***** DATASET EXCERPTS
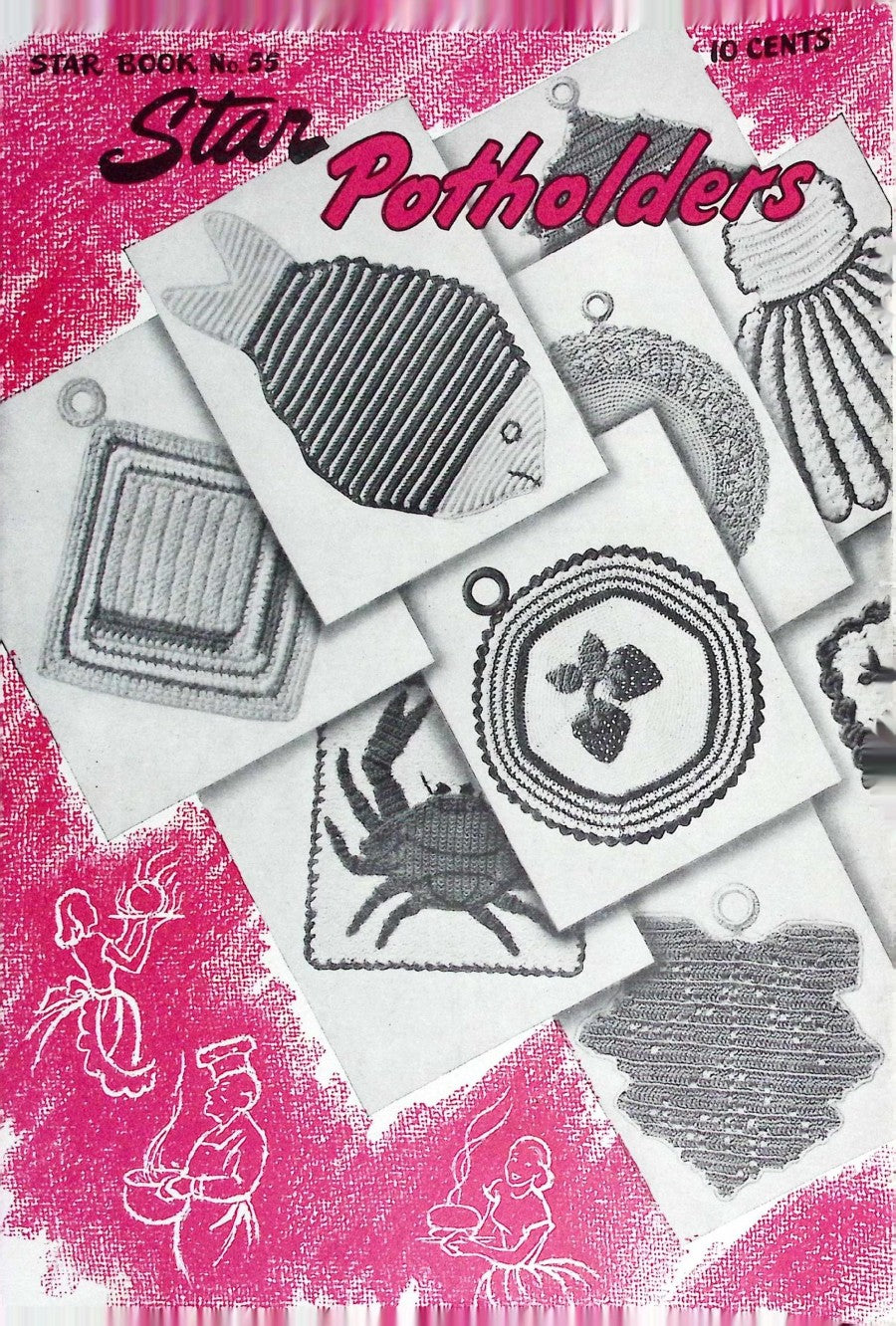 Star Potholders — American Thread Star Book No. 55, 1947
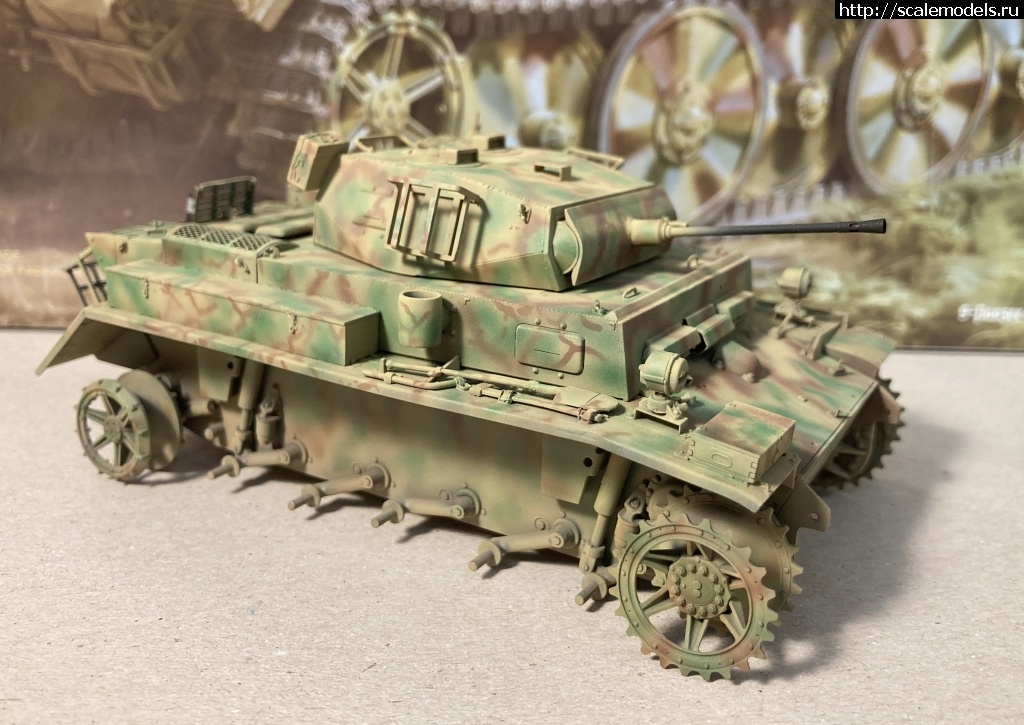 1670528664_IMG_8682.JPG : #1764194/ Pz.Kpfw II Ausf. L Luchs 1/35 Border Model BT-018  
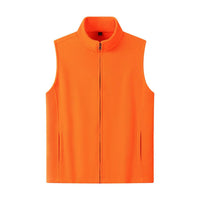 HKM-1589053 Double-Sided Fleece Cardigan with Zipper and Stand Collar for Men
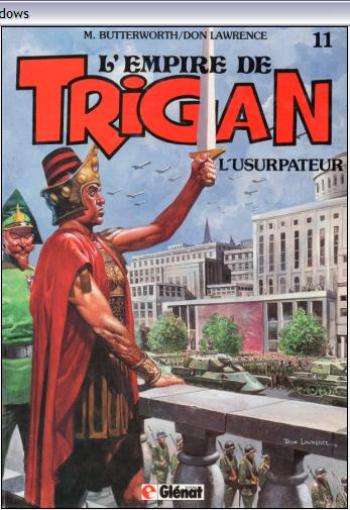 Couverture de l'album L'Empire de Trigan (Glénat) - 11. L'Usurpateur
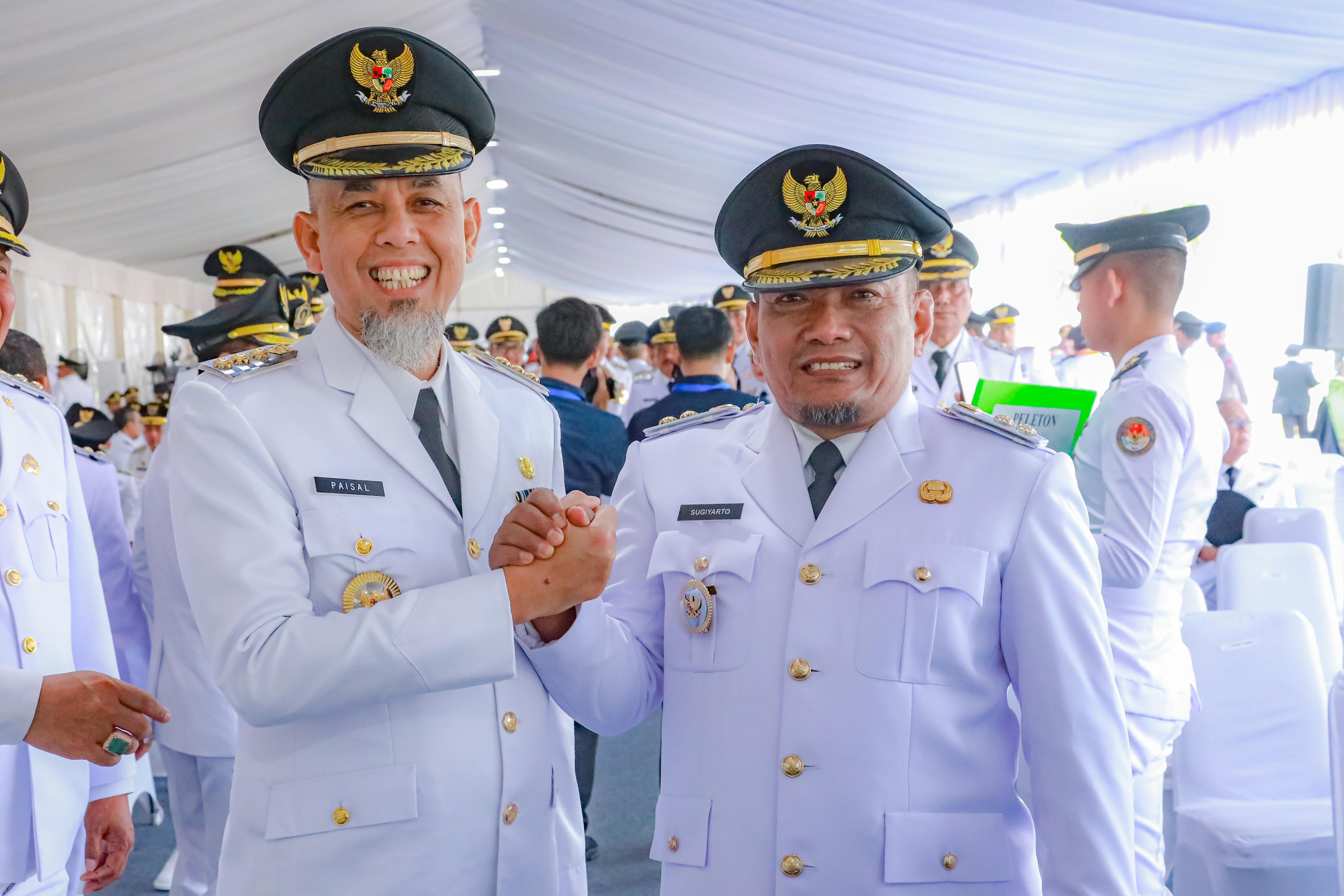 Wako Paisal Dan Wawako Sugiyarto Resmi Dilantik Presiden Prabowo Subianto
**********
### DIRECTIONS FOR THIS TASK
Repeat the data exactly as given. Keep every picture out of the copy.

### ANSWER SPACE
 Star Potholders — American Thread Star Book No. 55, 1947
 1670528664_IMG_8682.JPG : #1764194/ Pz.Kpfw II Ausf. L Luchs 1/35 Border Model BT-018  
 HKM-1589053 Double-Sided Fleece Cardigan with Zipper and Stand Collar for Men
 Couverture de l'album L'Empire de Trigan (Glénat) - 11. L'Usurpateur
 Wako Paisal Dan Wawako Sugiyarto Resmi Dilantik Presiden Prabowo Subianto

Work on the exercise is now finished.